Unprofitable, yes, but they pay better. No kidding: Earlier this year I listened to Dale Peskin from The Dallas Morning News tell a group of journalism professors that they could send their freshly graduated students to work for small print dailies for $20,000 (or less), or send them to work online for him for $40,000 -- if they have the necessary skills.

And there's the major consideration you asked for: skills. This does not mean expertise in specific technologies, because technologies are continually changing. It does mean experience and a high comfort level with a variety of software and systems, especially online experience (including e-mail and Web searching).

It means flexibility and a can-do attitude and no whining. Above all, it means an appreciation for the differences between finding, reading and using information online and in print. If you don't recognize the pros and cons of the two media, you can't make that jump.

7 Is there any easy way to learn scripting languages like Perl and CGI?

That depends, I think, on your previous experience. I had two programming courses in 1978 and 1984, so I knew the basic syntax and grammar -- if you will -- of programming languages.

By the time I tackled Perl in 1995, I already knew HTML cold, so I had a good idea of the kinds of scripts I needed to have; that is, I knew what work I wanted the scripts to do.

With that background, I bought an excellent book called Learning Perl by Randal L. Schwartz et al. I worked through the book carefully from front to back. It took two or three weeks. So, is that easy? It didn't seem especially hard to me, but I wouldn't call it easy. Is there an easier way? Well, no -- not to actually learn to do CGI.

Some people advocate simply copying the public-domain CGI scripts that abound on the Web, but my experience is that you cannot make those work properly until you do, in fact, learn the language they're written in.

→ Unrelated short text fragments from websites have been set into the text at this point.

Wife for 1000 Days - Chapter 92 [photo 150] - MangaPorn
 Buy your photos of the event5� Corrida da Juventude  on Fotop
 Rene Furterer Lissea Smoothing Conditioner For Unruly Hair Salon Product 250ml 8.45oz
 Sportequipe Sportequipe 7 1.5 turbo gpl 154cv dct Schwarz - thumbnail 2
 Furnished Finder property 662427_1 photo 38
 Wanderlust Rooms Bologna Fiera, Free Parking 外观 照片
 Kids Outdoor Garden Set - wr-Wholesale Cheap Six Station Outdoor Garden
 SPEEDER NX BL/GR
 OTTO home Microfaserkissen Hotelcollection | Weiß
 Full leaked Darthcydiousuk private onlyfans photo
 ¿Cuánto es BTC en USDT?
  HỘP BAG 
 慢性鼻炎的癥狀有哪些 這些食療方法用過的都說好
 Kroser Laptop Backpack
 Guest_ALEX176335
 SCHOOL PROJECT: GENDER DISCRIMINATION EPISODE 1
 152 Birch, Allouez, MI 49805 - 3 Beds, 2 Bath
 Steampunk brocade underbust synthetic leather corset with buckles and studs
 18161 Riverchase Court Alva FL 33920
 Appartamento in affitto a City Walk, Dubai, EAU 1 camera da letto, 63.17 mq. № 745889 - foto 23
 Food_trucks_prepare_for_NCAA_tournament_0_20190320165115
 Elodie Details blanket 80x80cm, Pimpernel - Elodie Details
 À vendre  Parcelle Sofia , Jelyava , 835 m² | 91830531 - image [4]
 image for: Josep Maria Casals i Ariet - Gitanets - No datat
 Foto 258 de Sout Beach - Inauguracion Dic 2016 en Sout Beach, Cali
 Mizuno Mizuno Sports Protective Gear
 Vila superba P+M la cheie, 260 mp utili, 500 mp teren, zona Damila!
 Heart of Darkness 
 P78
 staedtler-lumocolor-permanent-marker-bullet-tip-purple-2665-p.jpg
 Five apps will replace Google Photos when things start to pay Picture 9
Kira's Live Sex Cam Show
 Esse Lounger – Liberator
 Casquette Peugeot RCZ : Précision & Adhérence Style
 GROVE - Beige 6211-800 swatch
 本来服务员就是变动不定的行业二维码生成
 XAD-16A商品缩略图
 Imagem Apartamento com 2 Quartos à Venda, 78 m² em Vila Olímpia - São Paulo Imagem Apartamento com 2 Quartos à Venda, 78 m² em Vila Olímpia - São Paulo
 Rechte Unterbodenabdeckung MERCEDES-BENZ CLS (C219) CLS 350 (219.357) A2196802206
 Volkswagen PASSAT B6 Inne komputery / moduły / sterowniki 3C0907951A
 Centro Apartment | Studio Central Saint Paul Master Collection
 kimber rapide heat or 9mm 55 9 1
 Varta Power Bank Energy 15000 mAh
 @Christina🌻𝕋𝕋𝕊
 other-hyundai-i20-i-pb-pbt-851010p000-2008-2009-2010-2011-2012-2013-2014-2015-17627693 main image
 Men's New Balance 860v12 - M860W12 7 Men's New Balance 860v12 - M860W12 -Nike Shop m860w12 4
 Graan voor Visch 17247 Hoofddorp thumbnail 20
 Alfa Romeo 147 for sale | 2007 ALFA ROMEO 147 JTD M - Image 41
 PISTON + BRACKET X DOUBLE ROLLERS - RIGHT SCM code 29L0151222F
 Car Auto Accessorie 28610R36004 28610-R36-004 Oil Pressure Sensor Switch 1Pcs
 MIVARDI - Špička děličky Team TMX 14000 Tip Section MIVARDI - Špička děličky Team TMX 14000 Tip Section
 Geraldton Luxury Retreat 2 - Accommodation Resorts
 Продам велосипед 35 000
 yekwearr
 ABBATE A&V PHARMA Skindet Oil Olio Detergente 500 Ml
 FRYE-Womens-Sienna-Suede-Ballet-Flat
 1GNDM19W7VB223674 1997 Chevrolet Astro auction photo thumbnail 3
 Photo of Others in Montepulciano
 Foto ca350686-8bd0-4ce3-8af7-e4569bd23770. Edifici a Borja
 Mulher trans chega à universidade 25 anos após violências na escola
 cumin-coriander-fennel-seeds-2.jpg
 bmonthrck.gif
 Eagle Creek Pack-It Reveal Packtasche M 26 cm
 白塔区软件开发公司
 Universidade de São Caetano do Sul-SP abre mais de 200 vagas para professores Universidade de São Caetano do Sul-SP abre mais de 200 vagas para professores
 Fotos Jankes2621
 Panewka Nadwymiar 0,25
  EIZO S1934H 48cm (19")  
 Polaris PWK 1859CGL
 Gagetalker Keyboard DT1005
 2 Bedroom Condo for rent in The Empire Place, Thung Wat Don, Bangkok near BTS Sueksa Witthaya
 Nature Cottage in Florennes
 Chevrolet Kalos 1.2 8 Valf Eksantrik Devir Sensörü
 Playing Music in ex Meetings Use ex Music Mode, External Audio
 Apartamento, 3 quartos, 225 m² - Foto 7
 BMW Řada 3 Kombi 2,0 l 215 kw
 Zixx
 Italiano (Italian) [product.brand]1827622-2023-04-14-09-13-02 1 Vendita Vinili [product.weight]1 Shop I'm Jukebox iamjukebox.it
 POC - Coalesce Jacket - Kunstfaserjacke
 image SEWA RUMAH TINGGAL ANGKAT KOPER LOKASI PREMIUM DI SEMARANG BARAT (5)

For the record, CGI (Common Gateway Interface) is not a scripting or programming language. It's an interface that allows Web pages and programs to communicate with each other -- to send data back and forth. CGI scripts are written in programming languages such as Perl. "Scripting languages" such as JavaScript (not Java, which is different) are pretty similar to programming languages. A CGI script sits in a file by itself on a Web server and does some useful work when it is called from an HTML file -- a Web page.